Short descriptive text snippets
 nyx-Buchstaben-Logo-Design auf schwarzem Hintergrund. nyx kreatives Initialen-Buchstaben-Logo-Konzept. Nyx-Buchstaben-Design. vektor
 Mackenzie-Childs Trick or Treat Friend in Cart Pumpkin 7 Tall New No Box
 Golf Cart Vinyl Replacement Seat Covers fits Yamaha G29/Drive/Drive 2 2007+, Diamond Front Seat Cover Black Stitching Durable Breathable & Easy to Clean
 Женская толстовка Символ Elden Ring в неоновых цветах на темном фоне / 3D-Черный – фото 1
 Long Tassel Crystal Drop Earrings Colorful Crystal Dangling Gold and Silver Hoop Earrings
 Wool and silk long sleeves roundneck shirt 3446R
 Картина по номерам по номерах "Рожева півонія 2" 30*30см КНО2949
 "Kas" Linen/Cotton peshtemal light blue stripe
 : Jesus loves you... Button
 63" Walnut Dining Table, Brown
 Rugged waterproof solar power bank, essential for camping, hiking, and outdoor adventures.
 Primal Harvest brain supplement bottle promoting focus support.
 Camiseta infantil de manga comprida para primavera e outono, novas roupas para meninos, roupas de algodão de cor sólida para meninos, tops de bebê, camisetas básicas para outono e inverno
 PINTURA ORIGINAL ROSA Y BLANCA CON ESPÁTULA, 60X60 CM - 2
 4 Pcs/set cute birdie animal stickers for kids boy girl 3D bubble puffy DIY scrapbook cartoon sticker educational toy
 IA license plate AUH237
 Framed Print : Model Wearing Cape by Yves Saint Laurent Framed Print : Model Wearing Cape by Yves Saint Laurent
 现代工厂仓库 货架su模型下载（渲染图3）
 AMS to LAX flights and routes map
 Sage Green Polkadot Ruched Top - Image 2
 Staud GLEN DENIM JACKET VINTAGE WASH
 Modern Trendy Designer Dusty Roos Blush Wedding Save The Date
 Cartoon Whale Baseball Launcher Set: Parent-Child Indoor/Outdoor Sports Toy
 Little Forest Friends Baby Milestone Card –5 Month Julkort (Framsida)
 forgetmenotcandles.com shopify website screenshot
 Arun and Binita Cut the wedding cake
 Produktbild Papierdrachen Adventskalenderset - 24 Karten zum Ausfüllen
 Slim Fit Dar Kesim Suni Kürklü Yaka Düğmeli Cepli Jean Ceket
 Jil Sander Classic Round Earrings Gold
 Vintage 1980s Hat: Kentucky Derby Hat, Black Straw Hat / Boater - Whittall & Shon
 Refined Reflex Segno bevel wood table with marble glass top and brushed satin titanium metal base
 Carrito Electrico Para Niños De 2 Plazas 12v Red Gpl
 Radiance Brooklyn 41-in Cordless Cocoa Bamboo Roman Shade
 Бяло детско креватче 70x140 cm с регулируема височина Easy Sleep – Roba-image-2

● **PROBLEM DESCRIPTION**: Your answer must be a single number: how many lines of the entries above contain the string "Easy".

● **REPLY**: 2